__Source records__:
-------------------------

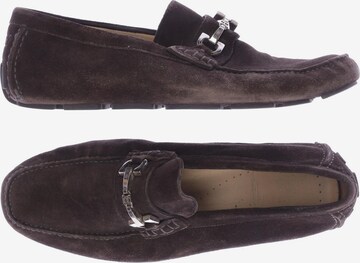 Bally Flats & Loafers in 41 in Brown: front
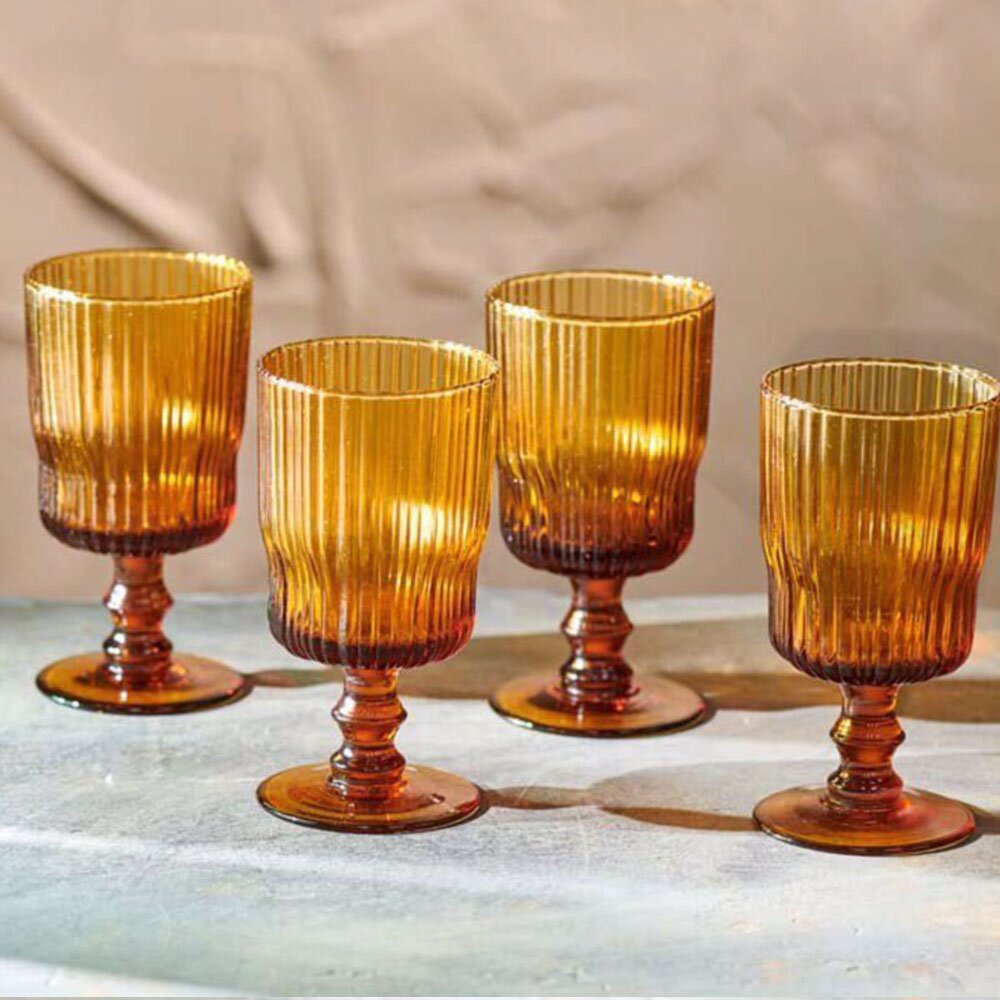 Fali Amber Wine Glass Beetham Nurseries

-------------------------

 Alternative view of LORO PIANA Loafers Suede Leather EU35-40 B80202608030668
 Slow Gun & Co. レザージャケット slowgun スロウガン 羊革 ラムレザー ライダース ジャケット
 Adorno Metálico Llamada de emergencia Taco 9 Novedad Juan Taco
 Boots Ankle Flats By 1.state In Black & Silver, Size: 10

-------------------------

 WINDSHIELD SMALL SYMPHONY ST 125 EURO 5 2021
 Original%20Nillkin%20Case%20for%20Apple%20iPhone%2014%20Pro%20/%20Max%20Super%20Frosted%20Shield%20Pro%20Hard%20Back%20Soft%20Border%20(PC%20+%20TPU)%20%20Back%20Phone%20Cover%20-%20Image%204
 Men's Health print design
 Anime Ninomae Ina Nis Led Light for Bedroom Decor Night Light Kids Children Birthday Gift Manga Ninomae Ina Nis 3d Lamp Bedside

-------------------------

__Work request__: Quote word for word only the lines above from the one containing "Bally Flats & Loafers in 41 in Brown: front" through the one containing "Fali Amber Wine Glass Beetham Nurseries". Pictures stay out of your copy.

__Solution__:
 Bally Flats & Loafers in 41 in Brown: front
 Fali Amber Wine Glass Beetham Nurseries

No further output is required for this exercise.